For example, when the battery pack is left for a preset period of time, the voltages at both ends of the battery pack recorded by the BMS system may be read, and the voltages at both ends may be used as the target open circuit voltage. Wherein the target open circuit voltage may be expressed as V ₁ 。

Step S203, determining a voltage change rate according to the initial open circuit voltage, the target open circuit voltage and the preset duration.

In the embodiment of the application, when the sum of the initial open-circuit voltage and the template open-circuit voltage of the battery pack in the standing process is obtained, the voltage change rate can be determined according to the initial open-circuit voltage, the target open-circuit voltage and the preset time.

According to the embodiment, the initial open-circuit voltage of the battery pack at the end of discharging the load equipment and the target open-circuit voltage of the battery pack at the end of standing for the preset time period are obtained, so that the voltage change rate of the battery pack at the end of discharging for the preset time period can be determined according to the initial open-circuit voltage, the target open-circuit voltage and the preset time period.

Referring to fig. 4, fig. 4 is a schematic flowchart of a substep of determining a voltage change rate according to an embodiment of the present application, where determining the voltage change rate in step S203 may include the following steps S2031 and S2032.

Step S2031, determining an open circuit voltage difference according to a difference between the target open circuit voltage and the initial open circuit voltage.

Exemplary, the target open circuit voltage U ₁ And an initial open circuit voltage U ₀ And subtracting to obtain an open circuit voltage difference value. Wherein the open circuit voltage difference Δu=u ₁ -U ₀ 。

Step S2032, performing voltage change rate calculation according to the open circuit voltage difference and the preset time length, to obtain a voltage change rate.

In the embodiment of the application, after the open-circuit voltage difference value is determined, the voltage change rate can be calculated according to the open-circuit voltage difference value and the preset time length to obtain the voltage change rate.

For example, the open circuit voltage difference may be divided by a preset time period to obtain a voltage change rate. Wherein the voltage change rate dv/dt=Δu/t= (U) ₁ -U ₀ ) And/t. For example, when the target open circuit voltage U ₁ 4271mV initial open circuit voltage U ₀ For 4269mV, if the preset time period t is 10 minutes, the voltage change rate dv/dt=3.3 μv/s can be calculated.

In the above embodiment, the voltage change rate of the battery pack may be obtained by performing the voltage change rate calculation according to the open circuit voltage difference value and the preset time period.

Referring to fig. 5, fig. 5 is a schematic flowchart of a substep of predicting the state of charge of a battery pack according to an embodiment of the present application, and the step S30 of predicting the state of charge of the battery pack may include the following steps S301 to S303.

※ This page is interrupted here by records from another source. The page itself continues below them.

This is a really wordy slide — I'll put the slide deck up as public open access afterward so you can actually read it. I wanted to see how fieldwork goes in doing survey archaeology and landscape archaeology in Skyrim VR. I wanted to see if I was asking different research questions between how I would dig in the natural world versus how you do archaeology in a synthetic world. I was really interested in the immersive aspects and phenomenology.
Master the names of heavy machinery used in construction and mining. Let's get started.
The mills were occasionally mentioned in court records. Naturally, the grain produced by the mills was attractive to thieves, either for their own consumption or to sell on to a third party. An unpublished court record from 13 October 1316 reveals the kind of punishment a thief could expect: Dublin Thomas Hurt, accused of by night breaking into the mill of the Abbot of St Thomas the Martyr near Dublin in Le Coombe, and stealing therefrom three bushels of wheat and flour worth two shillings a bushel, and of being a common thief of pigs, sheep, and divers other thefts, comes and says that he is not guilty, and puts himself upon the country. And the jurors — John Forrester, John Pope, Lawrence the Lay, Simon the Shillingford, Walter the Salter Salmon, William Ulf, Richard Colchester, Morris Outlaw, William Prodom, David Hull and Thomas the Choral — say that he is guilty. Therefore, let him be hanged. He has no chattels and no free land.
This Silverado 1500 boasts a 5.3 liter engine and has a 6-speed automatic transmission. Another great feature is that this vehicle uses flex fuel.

Step S301, determining a candidate open-circuit voltage and state-of-charge relation table corresponding to a plurality of discharge current multiplying factors according to a rest temperature value based on a preset corresponding relation between battery temperature and discharge current multiplying factors, wherein the candidate open-circuit voltage and state-of-charge relation table corresponding to different discharge current multiplying factors have different voltage change rate intervals.

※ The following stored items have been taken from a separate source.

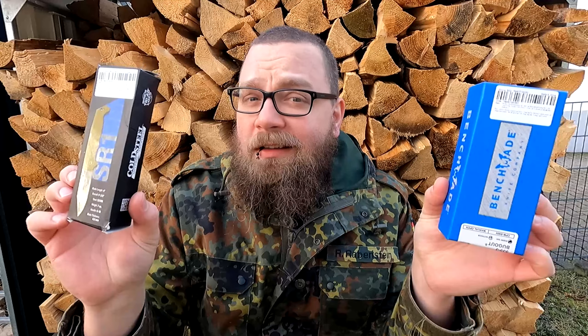Werfen wir mal einen Blick auf die Verpackungen. Als erstes hier vom Cold Steel: das Cold Steel SR1 mit Tanto-Klinge. Hier die Angaben dazu, alle auf Englisch. Die Verpackung ist auch in Englisch gehalten, so wie man es erwarten würde. Auch hinten mit der Garantie. Das sieht alles aus wie Original Cold Steel. Das Einzige, wo man vielleicht stutzig werden könnte, ist diese Nummer – wahrscheinlich die Seriennummer, die dann überall gleich sein sollte, wenn das ein Fake ist. Ansonsten ist die Packung relativ einfach aus Pappe, aber man würde erstmal nicht denken, dass etwas falsch ist.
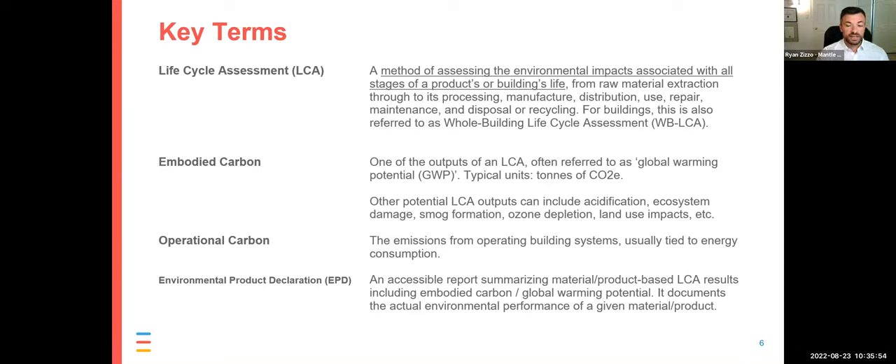An environmental product declaration, or EPD, is a report typically created by a manufacturer of a building product — like a concrete or glazing manufacturer. They can hire a consultant to do a life cycle assessment on their supply chain and production to calculate their embodied carbon, and then report that through an EPD. Designers and architects can start asking manufacturers for EPDs and use them to compare the relative carbon impact of different materials under consideration for a project, and ideally find a lower carbon product.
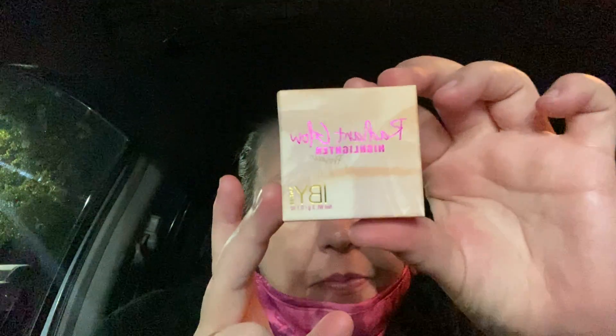So I got the Radiant Glow Highlighter in Prosecco — this is by IBY. Hopefully the sound is okay; I'm sitting in my car because I'm just getting ready to go into work. And this is what it looks like. Oh, that's pretty — I looked inside. It's buttery. That's really pretty. Definitely will use that, I love it.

In the embodiment of the application, open-circuit voltage and state of charge relation tables with different battery temperatures and different discharge current multiplying powers can be constructed in advance, and the different battery temperatures and the discharge current multiplying powers and the corresponding open-circuit voltage and state of charge relation tables are stored in an associated manner. For example, when the battery temperature is 5 ℃, an open circuit voltage-state-of-charge relationship table corresponding to discharge current rates of 0.2C, 0.5C, 1C, 2C, etc. can be constructed. For example, when the battery temperature is-5 ℃, an open circuit voltage/state of charge relationship table corresponding to discharge current rates of 0.2C, 0.5C, 1C, 2C, etc. can be constructed. The battery temperature refers to the ambient temperature of the battery pack, and the battery temperature can be controlled by a heating box, for example.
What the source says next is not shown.